A leaked government report has suggested that the number of home repossessions could rise to unprecedented levels in 2012. We consider how you can protect your home in times of financial difficulty by ensuring you have a financial buffer.
In 2009, the Council of Mortgage Lenders (CML) reported 48,000 homes were repossessed. This figure was far lower than the 75,000-90,000 predicted.
However, a recently leaked government report has suggested that by 2012, the number of homes repossessed by mortgage lenders could rise to 175,000.
The reason why far fewer homes have been repossessed than expected since the beginning of the recession is largely because low interest rates have reduced the cost of mortgage payments.
Many homeowners have suffered reduced incomes and even periods of unemployment. However, these reductions have been offset by lower mortgage costs therefore keeping them from falling into arrears.
Devastating effect of cuts and interest rate rises
Unfortunately the economic situation is due to get far worse for British homeowners.
Firstly, the government is being forced to make massive cuts to public spending. This is going to filter through to reduced incomes and job losses in both the public and private sectors.
These cuts alone will be enough to push many homeowners into a position where they are no longer able to afford their mortgage payments.
On top of this, the problem will be compounded when interest rates start to rise. Many economists predict that this will happen by the end of 2011. Rising interest rates will result in significant increases to the cost of mortgage payments.
Combined with income reductions, this will mean that a large number of people will simply not be able to continue to pay their mortgages. They will fall into arrears and this will then lead to their home being repossessed.
Plan a financial buffer
If you are worried that if your income falls or interest rates rise you may struggle to pay your mortgage, it is very important to take action now.
It is far easier to manage a financial crisis if you have savings to fall back on. The majority of people have little or nothing set aside for a rainy day. If this is you, then you need to plan to change this.
The best way to do this is list out all of income and monthly living expenses. Have a look where you can cut back and save the money that you do not spend.
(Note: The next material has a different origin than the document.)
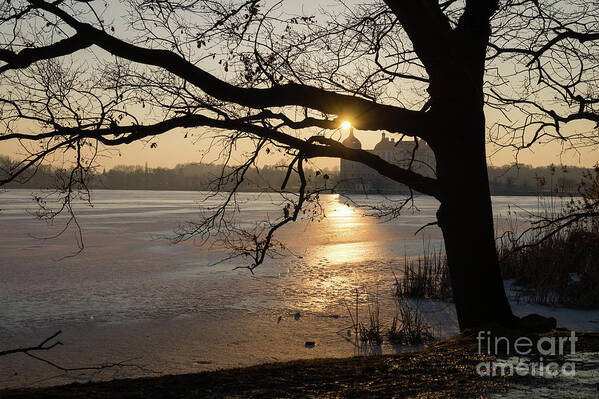 Dreamy Poster featuring the photograph Winter sunset at Moritzburg Castle 3 by Adriana Mueller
This money should then be put aside to use as a financial buffer if your finances get tight. Saving is always difficult but to make it easier, make sure you put the money you want to save aside at the beginning of the month, not the end.
Take action now
Home repossessions have been unexpectedly low over the past eighteen months largely because of low interest rates. However, this situation will change.
Interest rates are expected to rise again by the end of 2010, automatically increasing the cost of many mortgages. In addition, government cuts will reduce many family incomes.
This combination of events will put many family incomes under severe pressure and lead to many not being able to afford their mortgage payments.
It is therefore extremely important to recognise that your financial position could be about to change. If you do not have any savings which could help fill the gap and maintain your mortgage payments, you should act now to change this before your options run out.